* _Your task_
Each record must be copied in full and unchanged; any image it holds is excluded.

* _Recorded data_
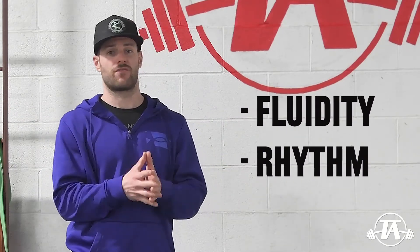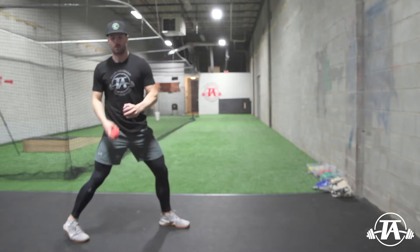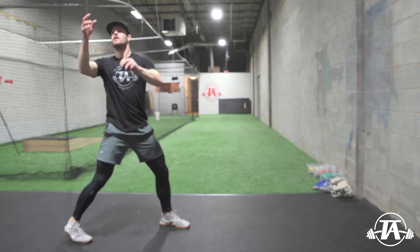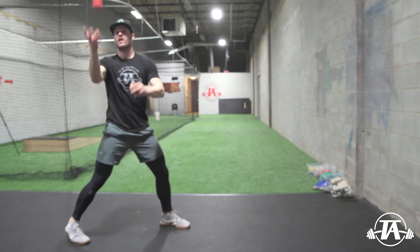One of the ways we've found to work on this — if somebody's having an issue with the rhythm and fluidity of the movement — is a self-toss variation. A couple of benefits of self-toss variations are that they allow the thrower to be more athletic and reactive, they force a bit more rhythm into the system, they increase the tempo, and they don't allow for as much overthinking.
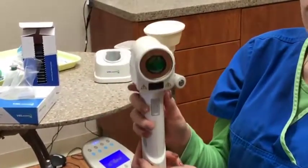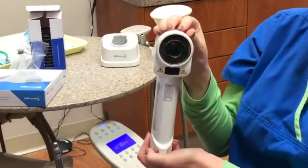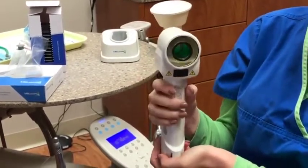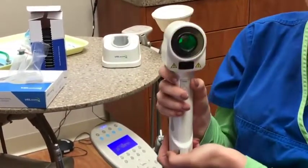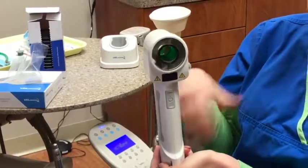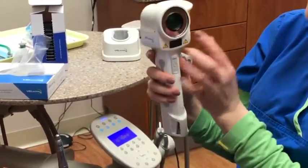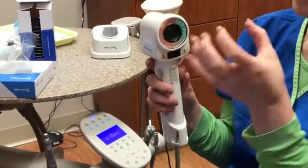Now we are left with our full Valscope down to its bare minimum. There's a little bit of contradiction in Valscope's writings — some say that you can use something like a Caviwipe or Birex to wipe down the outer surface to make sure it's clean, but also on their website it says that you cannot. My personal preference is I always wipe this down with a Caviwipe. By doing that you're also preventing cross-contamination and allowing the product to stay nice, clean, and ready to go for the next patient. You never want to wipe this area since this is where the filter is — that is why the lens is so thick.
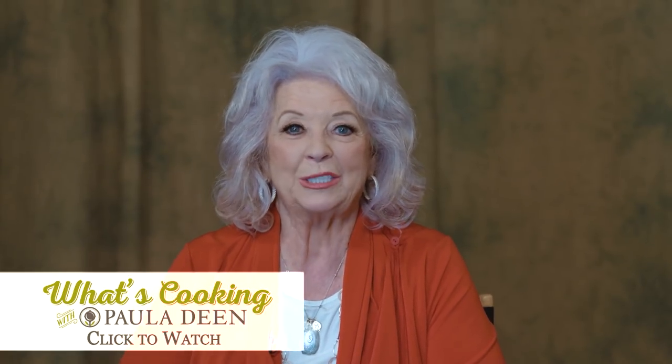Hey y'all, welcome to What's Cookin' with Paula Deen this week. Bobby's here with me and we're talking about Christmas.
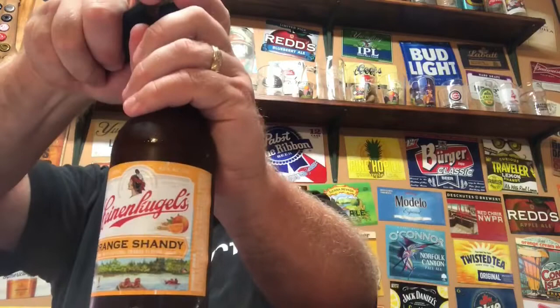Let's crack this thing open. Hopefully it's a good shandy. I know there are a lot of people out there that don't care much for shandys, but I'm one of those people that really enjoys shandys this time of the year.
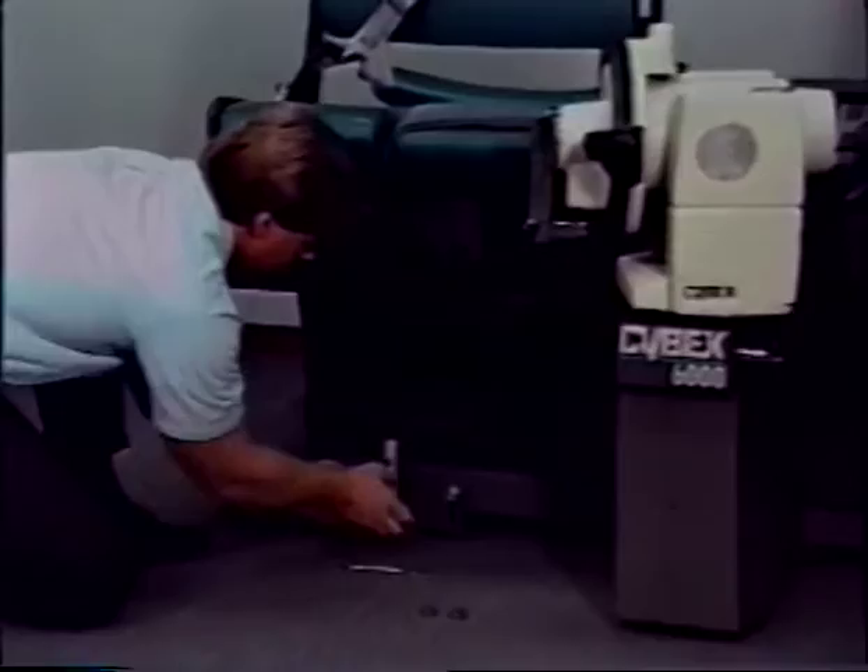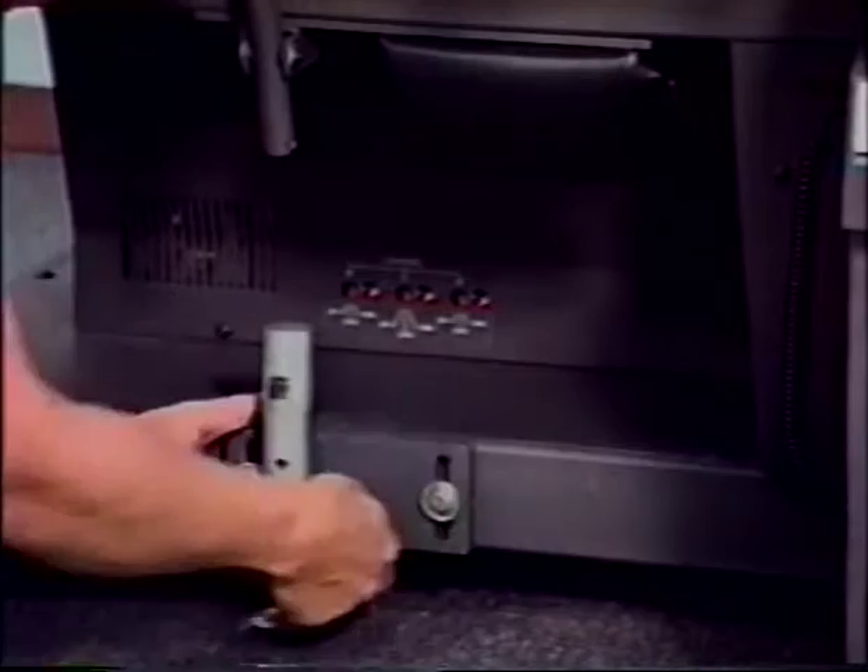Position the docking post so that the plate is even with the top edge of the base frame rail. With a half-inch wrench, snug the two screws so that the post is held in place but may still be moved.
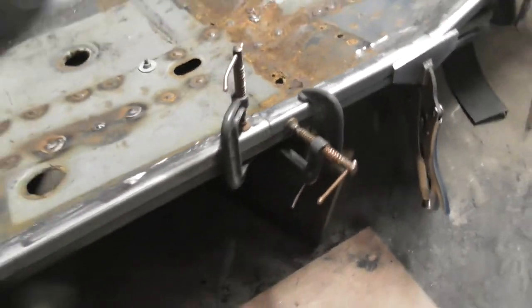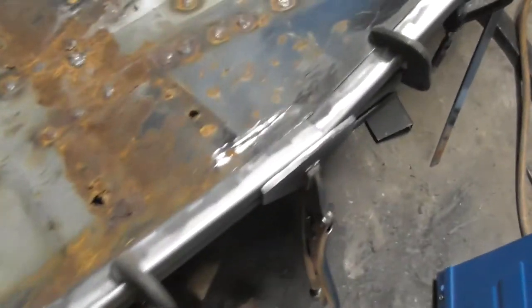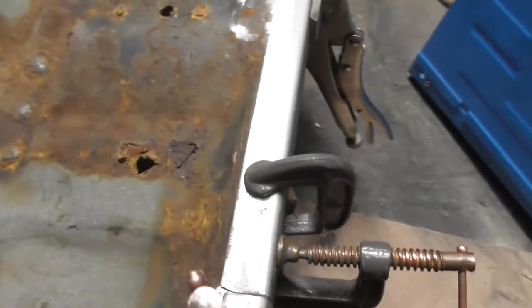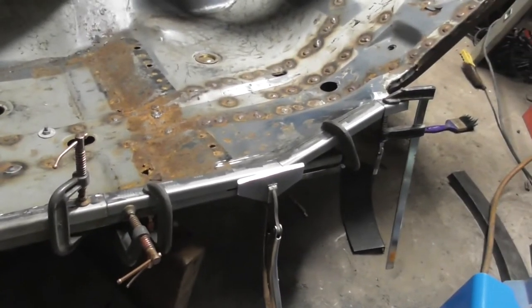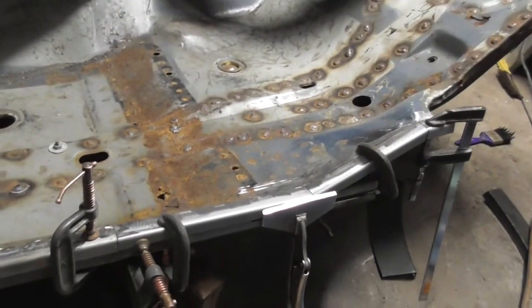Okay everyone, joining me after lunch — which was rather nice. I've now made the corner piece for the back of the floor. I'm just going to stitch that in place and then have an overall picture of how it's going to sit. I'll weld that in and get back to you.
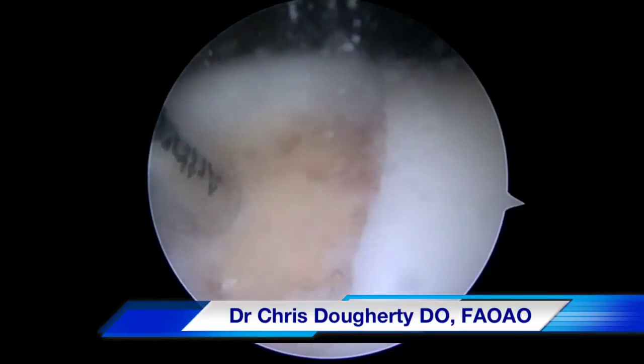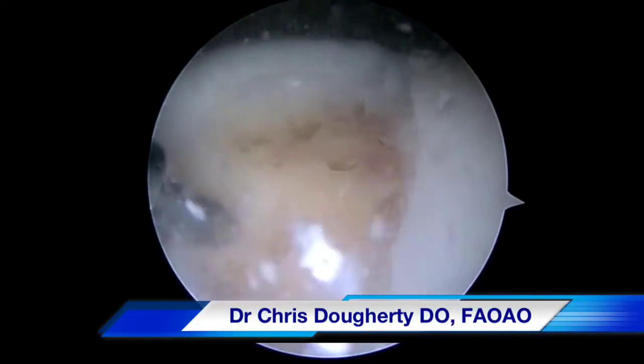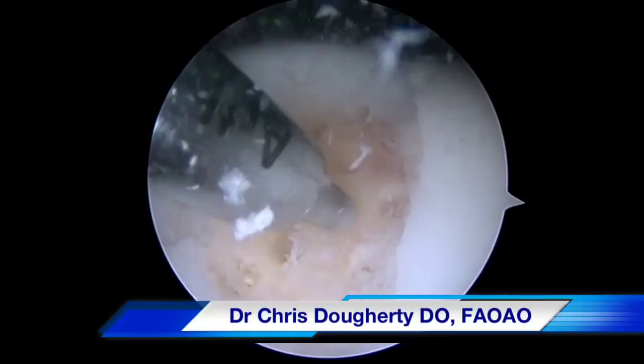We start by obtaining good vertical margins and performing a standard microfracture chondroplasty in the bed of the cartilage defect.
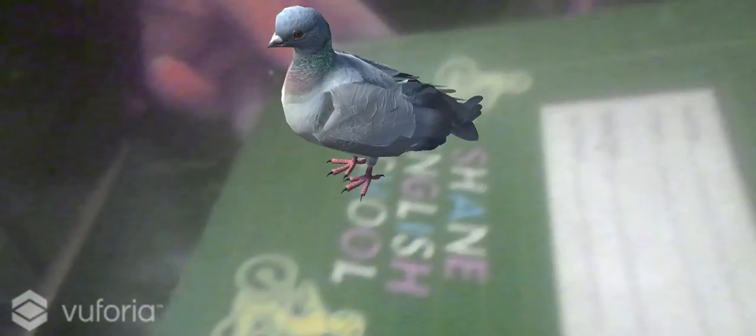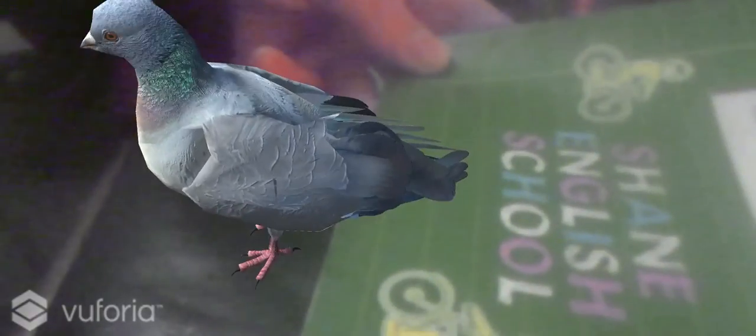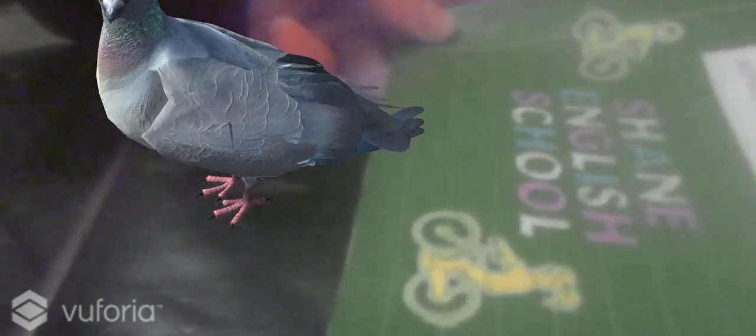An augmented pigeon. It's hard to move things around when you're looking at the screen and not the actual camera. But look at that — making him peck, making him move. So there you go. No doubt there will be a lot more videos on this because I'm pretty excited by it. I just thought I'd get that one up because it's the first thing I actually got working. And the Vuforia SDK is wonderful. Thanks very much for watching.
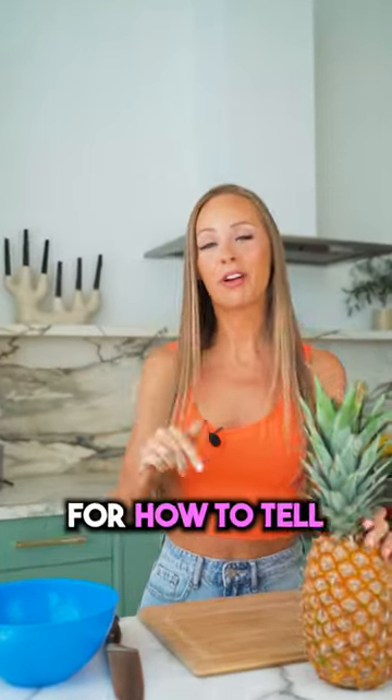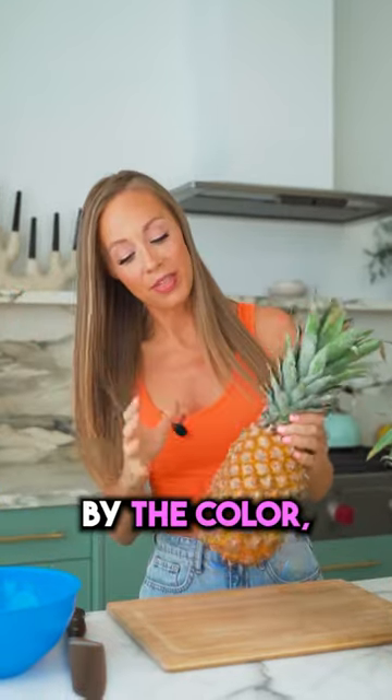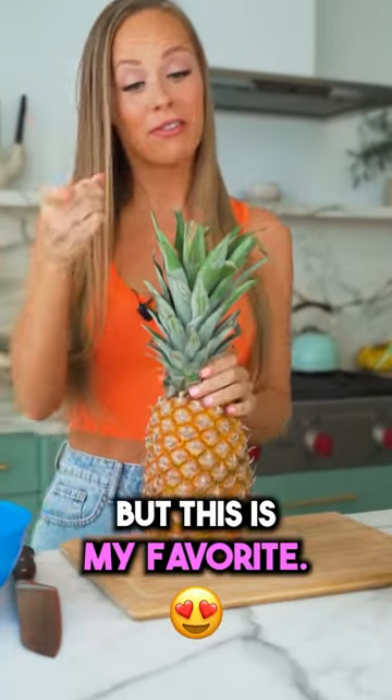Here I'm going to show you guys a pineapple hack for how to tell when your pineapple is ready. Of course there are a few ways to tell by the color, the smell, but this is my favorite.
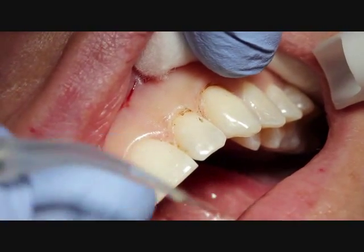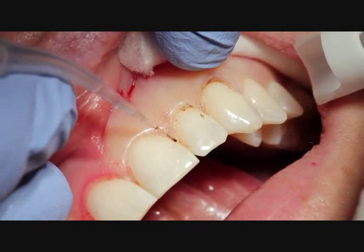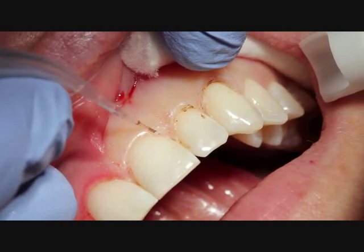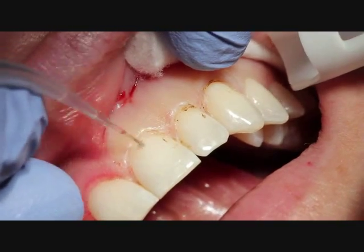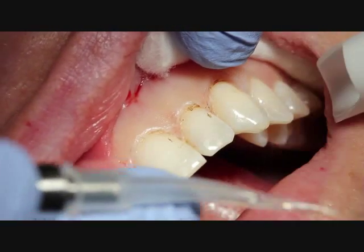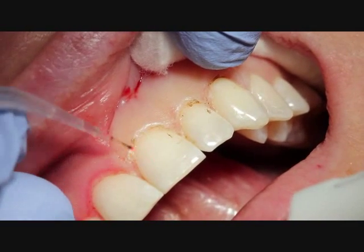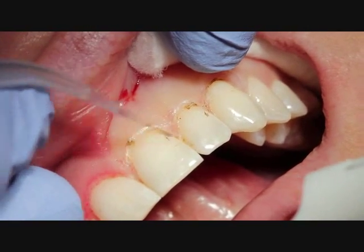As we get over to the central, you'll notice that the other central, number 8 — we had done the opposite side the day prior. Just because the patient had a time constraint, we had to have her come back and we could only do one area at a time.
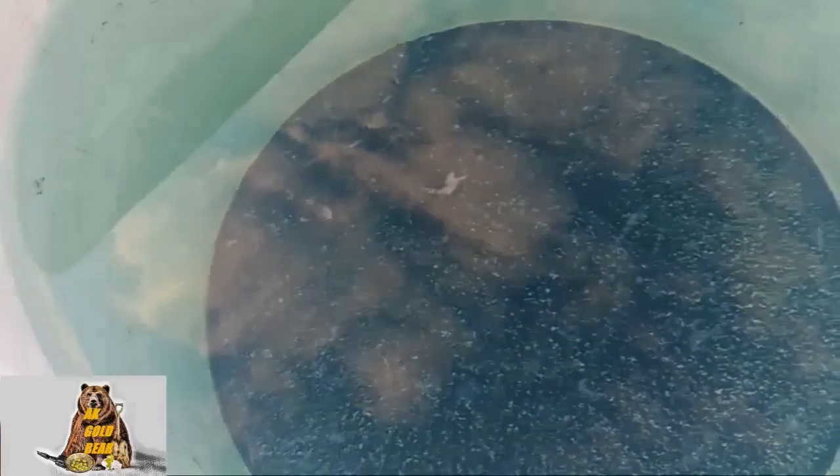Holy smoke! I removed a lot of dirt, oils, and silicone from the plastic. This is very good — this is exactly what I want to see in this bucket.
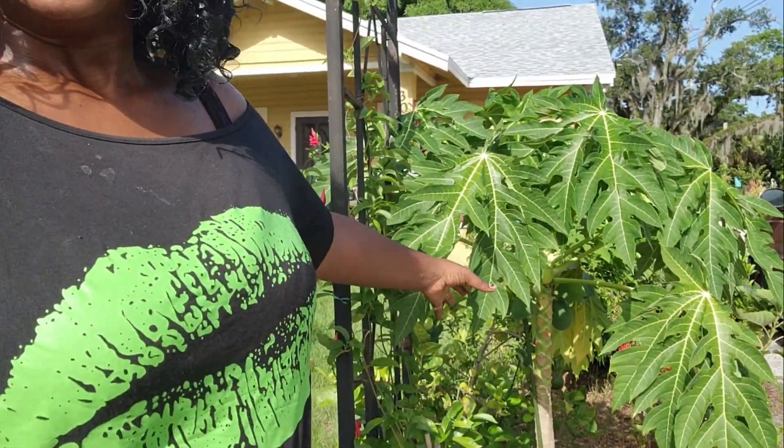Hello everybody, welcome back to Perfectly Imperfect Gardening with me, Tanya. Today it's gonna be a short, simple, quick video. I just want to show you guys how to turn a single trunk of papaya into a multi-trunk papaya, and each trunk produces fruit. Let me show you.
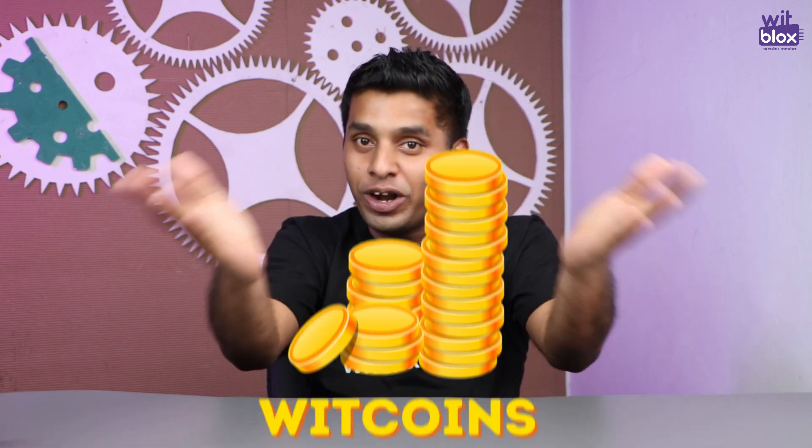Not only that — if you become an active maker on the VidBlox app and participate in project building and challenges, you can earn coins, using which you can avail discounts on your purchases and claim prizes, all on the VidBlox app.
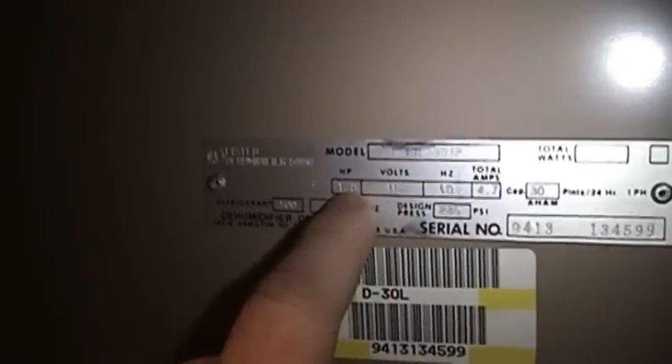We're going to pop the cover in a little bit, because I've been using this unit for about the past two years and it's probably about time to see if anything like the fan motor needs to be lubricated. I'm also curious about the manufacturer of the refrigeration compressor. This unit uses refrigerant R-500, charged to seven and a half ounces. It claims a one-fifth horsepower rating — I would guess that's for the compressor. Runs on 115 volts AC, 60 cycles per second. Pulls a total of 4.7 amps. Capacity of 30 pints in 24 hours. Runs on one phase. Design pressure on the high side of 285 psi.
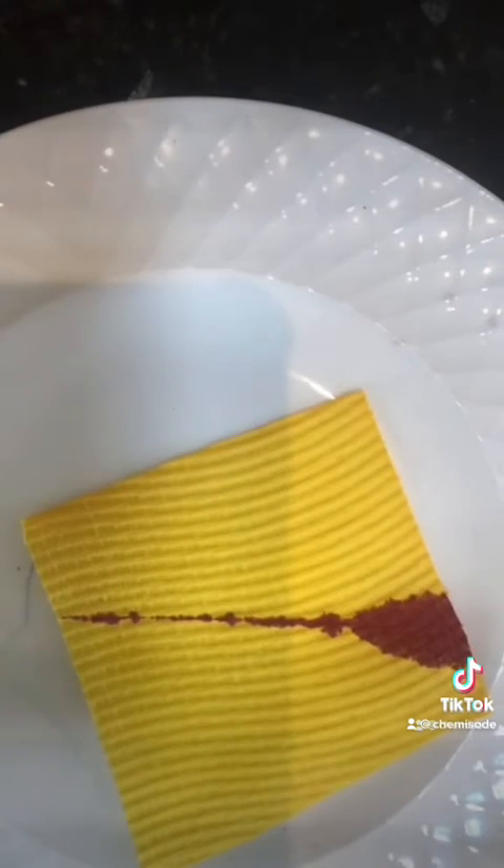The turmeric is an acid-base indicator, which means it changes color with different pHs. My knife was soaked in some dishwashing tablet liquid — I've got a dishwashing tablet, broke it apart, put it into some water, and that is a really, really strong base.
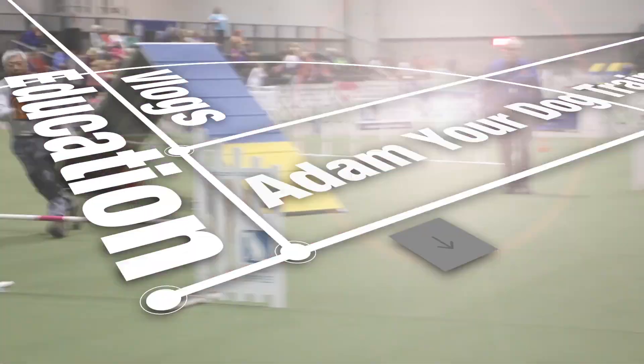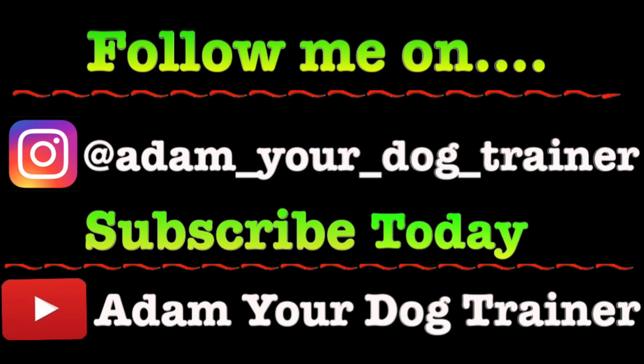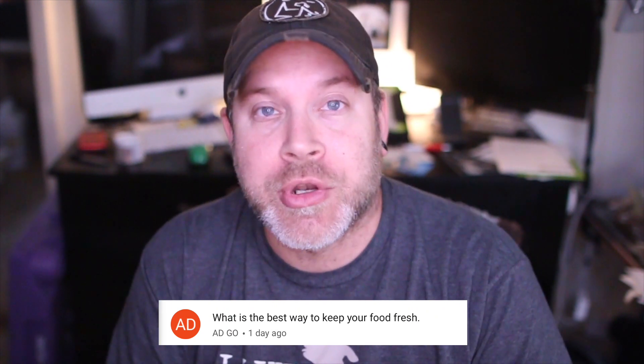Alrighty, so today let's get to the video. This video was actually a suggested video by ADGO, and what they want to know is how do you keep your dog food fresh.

* _Response_
One of the ways we've found to work on this — if somebody's having an issue with the rhythm and fluidity of the movement — is a self-toss variation. A couple of benefits of self-toss variations are that they allow the thrower to be more athletic and reactive, they force a bit more rhythm into the system, they increase the tempo, and they don't allow for as much overthinking.
Now we are left with our full Valscope down to its bare minimum. There's a little bit of contradiction in Valscope's writings — some say that you can use something like a Caviwipe or Birex to wipe down the outer surface to make sure it's clean, but also on their website it says that you cannot. My personal preference is I always wipe this down with a Caviwipe. By doing that you're also preventing cross-contamination and allowing the product to stay nice, clean, and ready to go for the next patient. You never want to wipe this area since this is where the filter is — that is why the lens is so thick.
Hey y'all, welcome to What's Cookin' with Paula Deen this week. Bobby's here with me and we're talking about Christmas.
Let's crack this thing open. Hopefully it's a good shandy. I know there are a lot of people out there that don't care much for shandys, but I'm one of those people that really enjoys shandys this time of the year.
Position the docking post so that the plate is even with the top edge of the base frame rail. With a half-inch wrench, snug the two screws so that the post is held in place but may still be moved.
Okay everyone, joining me after lunch — which was rather nice. I've now made the corner piece for the back of the floor. I'm just going to stitch that in place and then have an overall picture of how it's going to sit. I'll weld that in and get back to you.
We start by obtaining good vertical margins and performing a standard microfracture chondroplasty in the bed of the cartilage defect.
An augmented pigeon. It's hard to move things around when you're looking at the screen and not the actual camera. But look at that — making him peck, making him move. So there you go. No doubt there will be a lot more videos on this because I'm pretty excited by it. I just thought I'd get that one up because it's the first thing I actually got working. And the Vuforia SDK is wonderful. Thanks very much for watching.
Here I'm going to show you guys a pineapple hack for how to tell when your pineapple is ready. Of course there are a few ways to tell by the color, the smell, but this is my favorite.
As we get over to the central, you'll notice that the other central, number 8 — we had done the opposite side the day prior. Just because the patient had a time constraint, we had to have her come back and we could only do one area at a time.
Holy smoke! I removed a lot of dirt, oils, and silicone from the plastic. This is very good — this is exactly what I want to see in this bucket.
Hello everybody, welcome back to Perfectly Imperfect Gardening with me, Tanya. Today it's gonna be a short, simple, quick video. I just want to show you guys how to turn a single trunk of papaya into a multi-trunk papaya, and each trunk produces fruit. Let me show you.
Not only that — if you become an active maker on the VidBlox app and participate in project building and challenges, you can earn coins, using which you can avail discounts on your purchases and claim prizes, all on the VidBlox app.
We're going to pop the cover in a little bit, because I've been using this unit for about the past two years and it's probably about time to see if anything like the fan motor needs to be lubricated. I'm also curious about the manufacturer of the refrigeration compressor. This unit uses refrigerant R-500, charged to seven and a half ounces. It claims a one-fifth horsepower rating — I would guess that's for the compressor. Runs on 115 volts AC, 60 cycles per second. Pulls a total of 4.7 amps. Capacity of 30 pints in 24 hours. Runs on one phase. Design pressure on the high side of 285 psi.
The turmeric is an acid-base indicator, which means it changes color with different pHs. My knife was soaked in some dishwashing tablet liquid — I've got a dishwashing tablet, broke it apart, put it into some water, and that is a really, really strong base.
Alrighty, so today let's get to the video. This video was actually a suggested video by ADGO, and what they want to know is how do you keep your dog food fresh.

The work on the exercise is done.